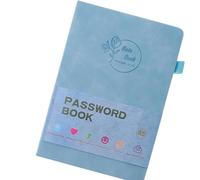 PU Leather Password Collection Notebook Address Information Organiser Book with Elastic Strap Closure Ribbon Bookmarks Portable Diary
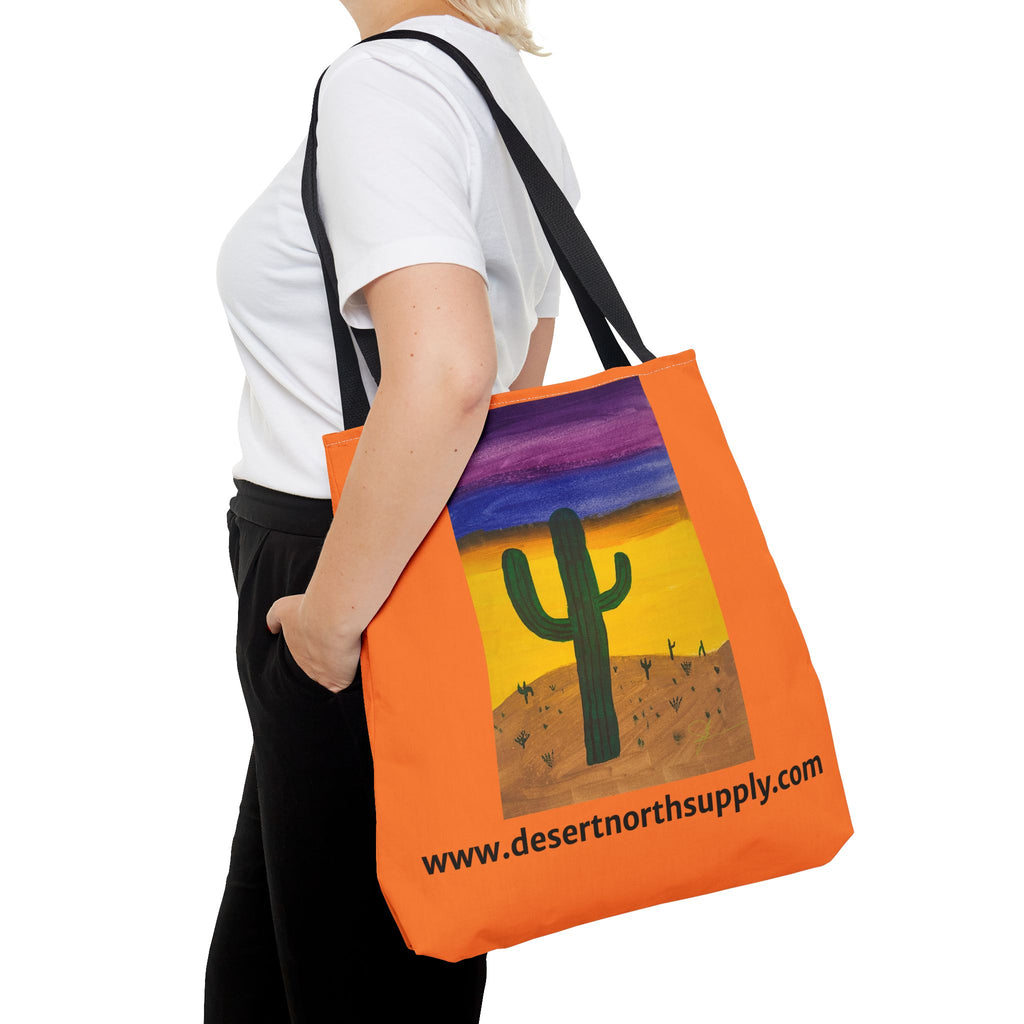 Desert Saguaro Cactus Canvas Tote Bag — "Alone" by John Ganger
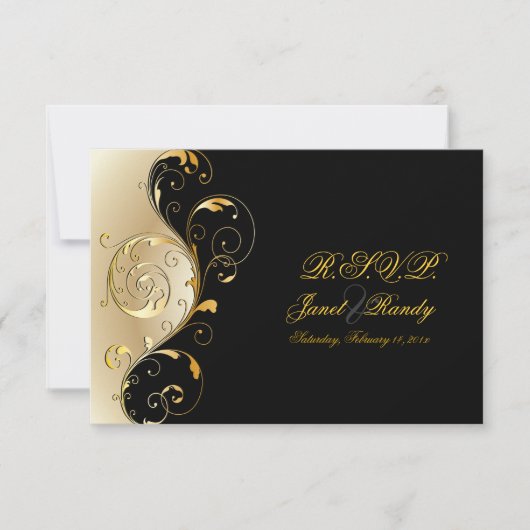 PixDezines rsvp Filigree+swarls/black+金ゴールド (正面)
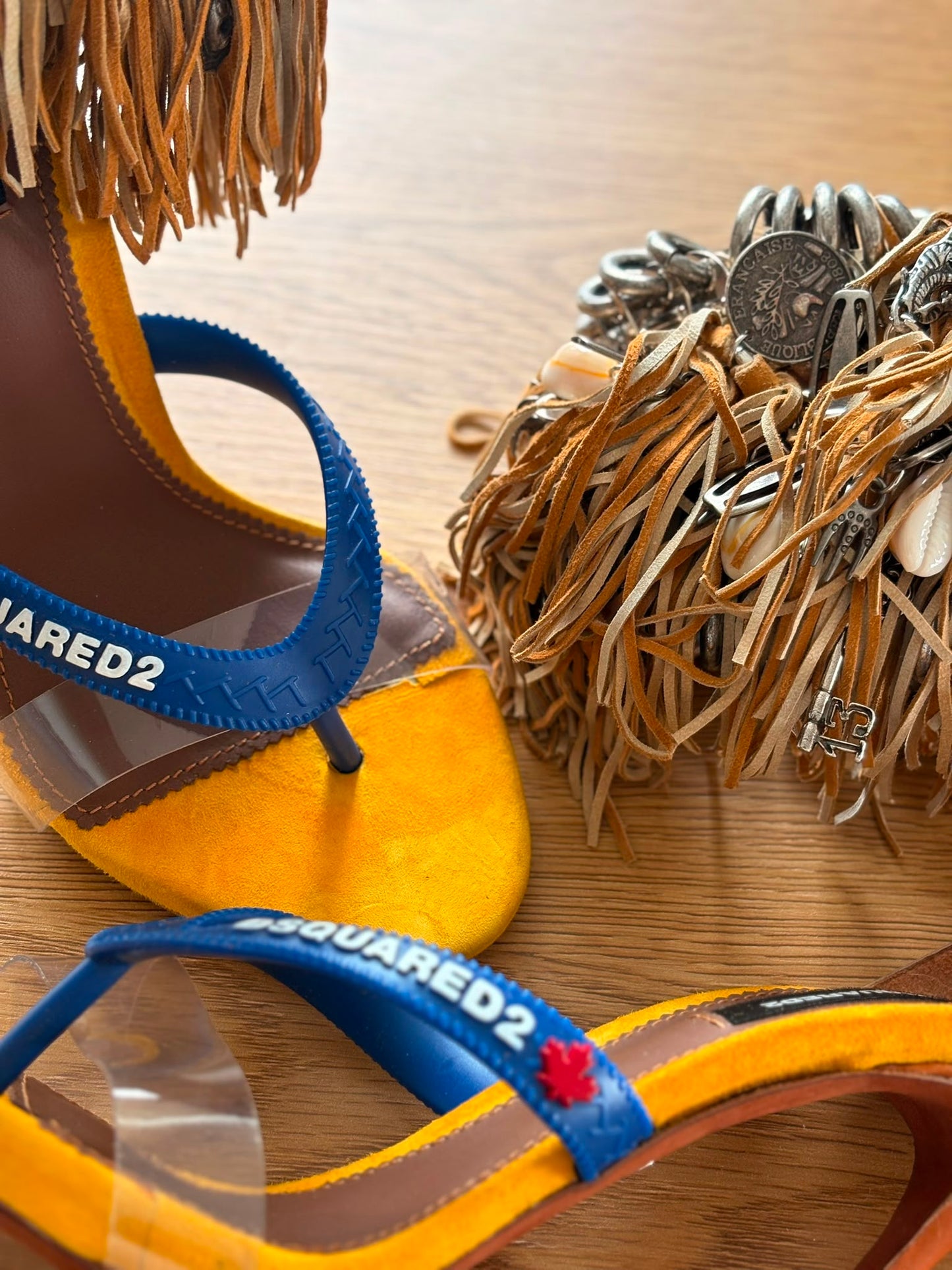 Dsquared2 "Gothika" Flip Flop Sandals with multi-layered leather fringe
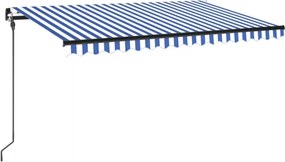 vidaXL kék és fehér kézzel kihúzható LED-es napellenző 400 x 300 cm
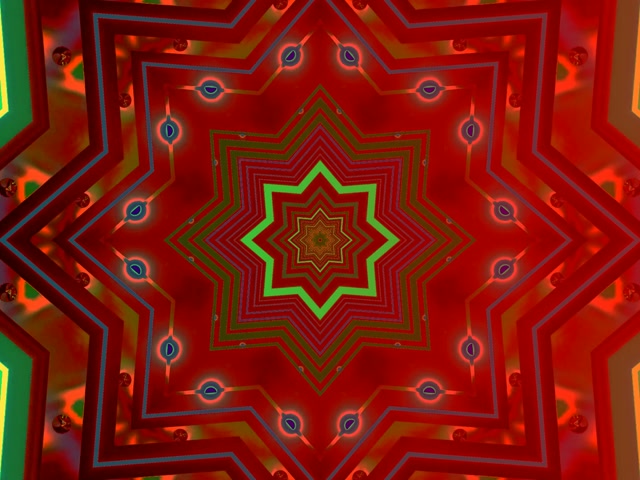 Rooi Ster Neon Tonnel Sluimerskerm 4:3 Klassiek 60fps VJ Loop PC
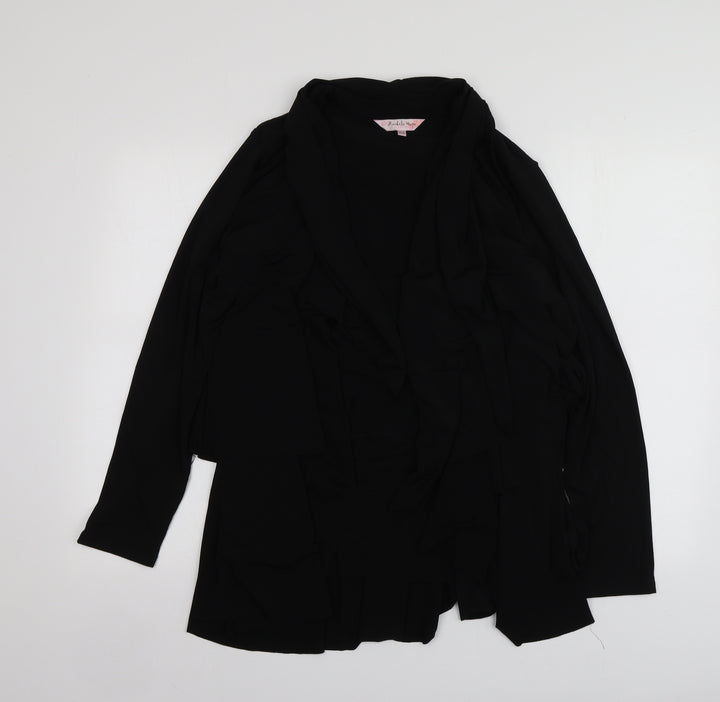 Michele Hope Womens Black Polyester Kimono Blouse Size 10 V-Neck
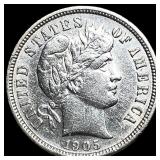 1905-S Silver Barber Dime CHOICE AU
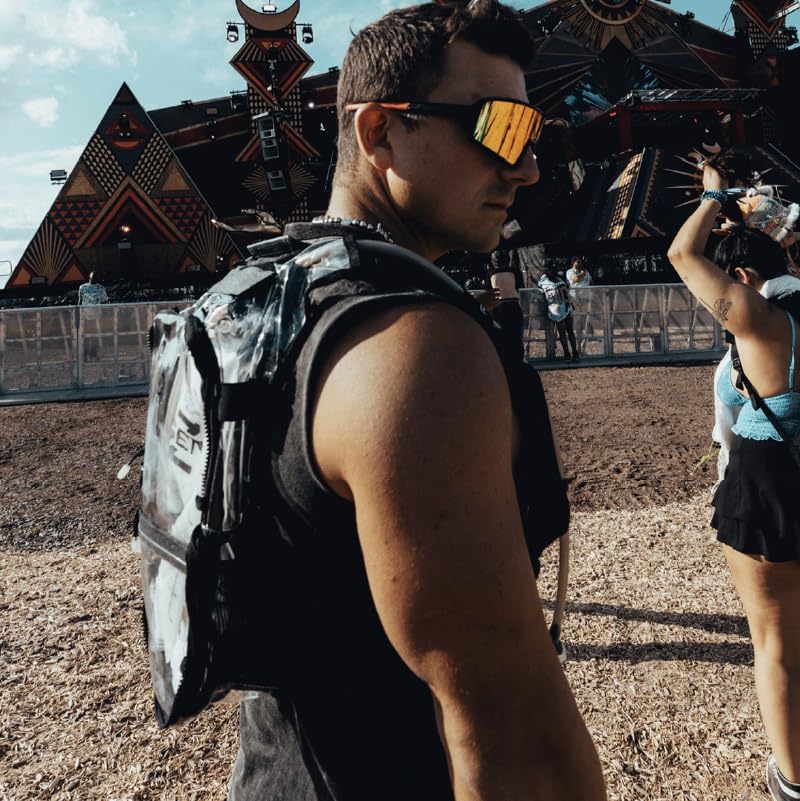 RAVERUNNER® Clear Hydration Pack | Festival Approved Hydration Backpack with 2L Bladder & Quick Disconnect Hose | Transparent Camelbak Water Backpack, Clear Hydration Backpack, ClearCamelbak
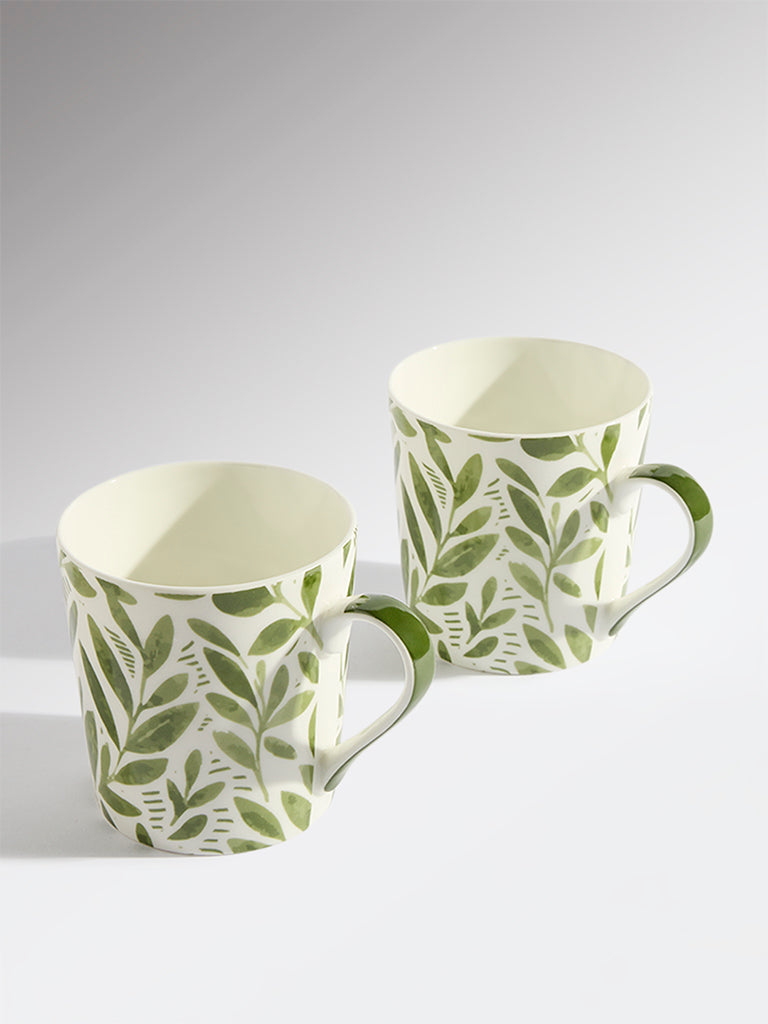 Westside Home Green Leaf Pattern Devonia Mugs (Set of 2)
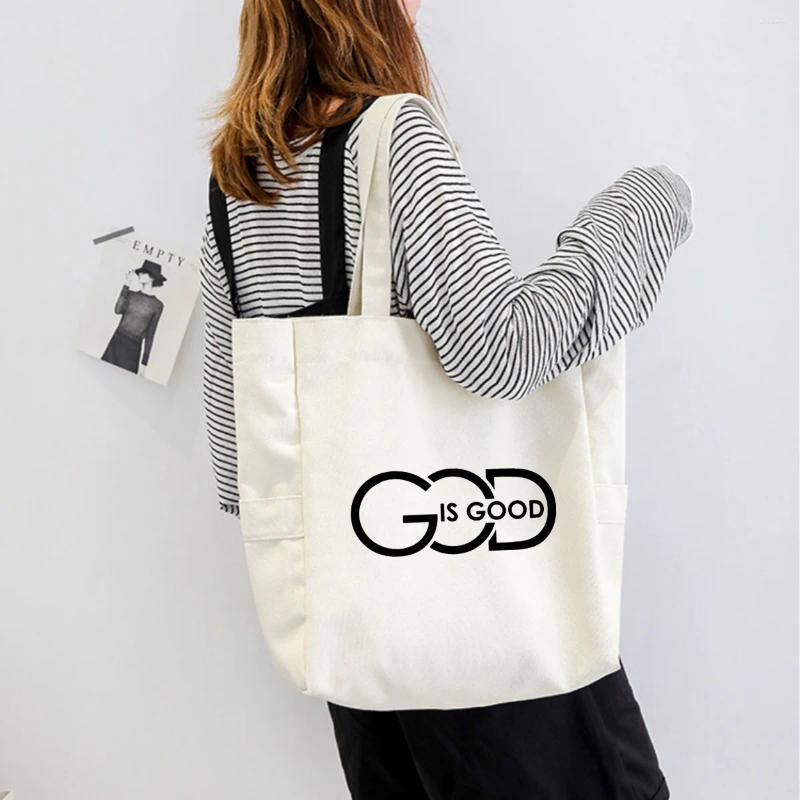 Shopping Bags God Is Good Funny Printed One-shoulder Bag Large Capacity Ladies Tote Canvas Women fashionable item zhanyishengli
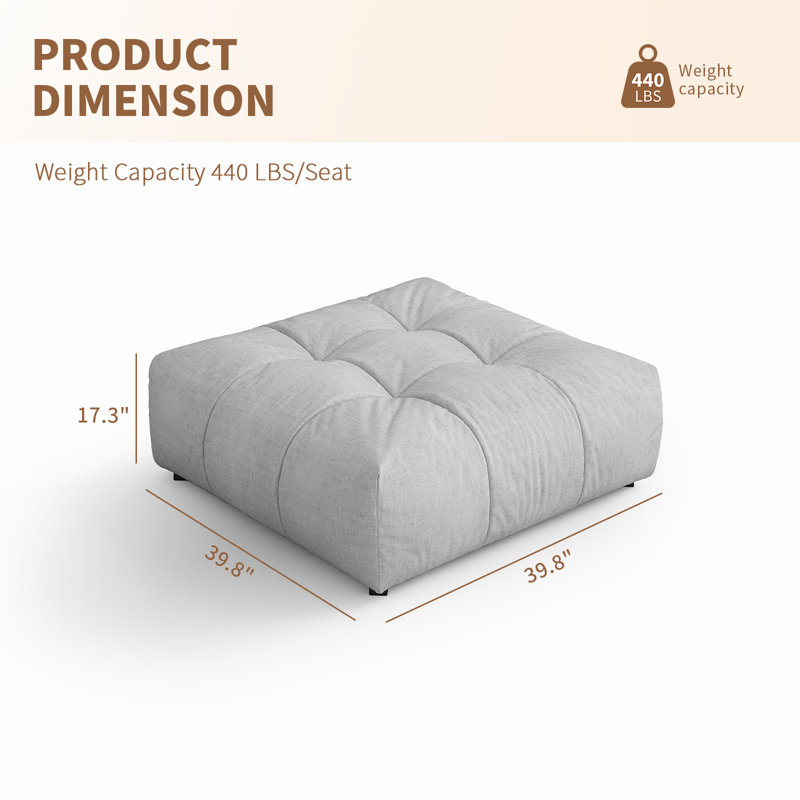 Modular Sectional Sofa Couch, Oversized Free Combination Deep Seat Sofa, Cushion Covers Removable & Washable, Fabric, Down Filled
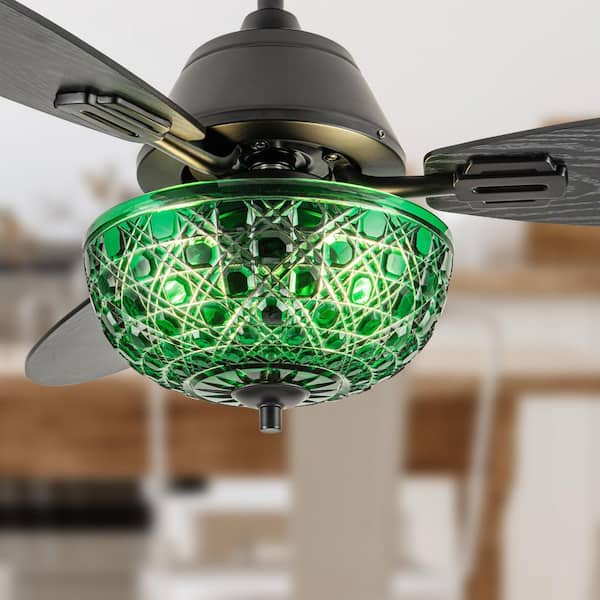 Pippa 42 in. 2-Light Indoor Black Ceiling Fan with Green Hand-Cut Glass Bowl Shade and Remote Control
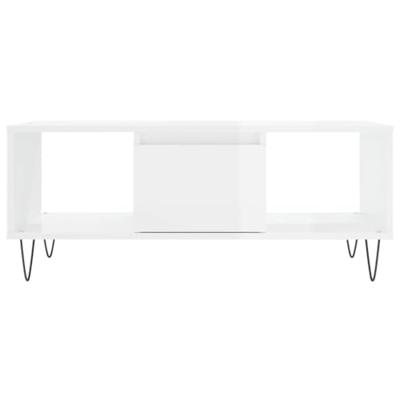 Salontafel 90x50x36,5 cm bewerkt hout hoogglans wit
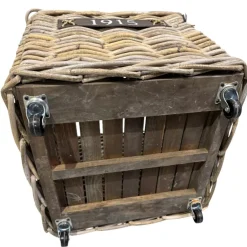 Van der Leeden Woondecoratie>Bak rotan met wielen vierkant 40 x 40 cm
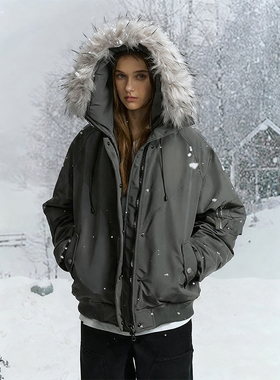 2026冬季爆款夹棉加厚连帽棉衣可拆卸毛领派克服男男女同款连帽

TASK STATEMENT
Leave out every picture and write out exactly the lines running from the line containing "Shopping Bags God" to the end of the listing above.

REPLY TO THE EXERCISE
 Shopping Bags God Is Good Funny Printed One-shoulder Bag Large Capacity Ladies Tote Canvas Women fashionable item zhanyishengli
 Modular Sectional Sofa Couch, Oversized Free Combination Deep Seat Sofa, Cushion Covers Removable & Washable, Fabric, Down Filled
 Pippa 42 in. 2-Light Indoor Black Ceiling Fan with Green Hand-Cut Glass Bowl Shade and Remote Control
 Salontafel 90x50x36,5 cm bewerkt hout hoogglans wit
 Van der Leeden Woondecoratie>Bak rotan met wielen vierkant 40 x 40 cm
 2026冬季爆款夹棉加厚连帽棉衣可拆卸毛领派克服男男女同款连帽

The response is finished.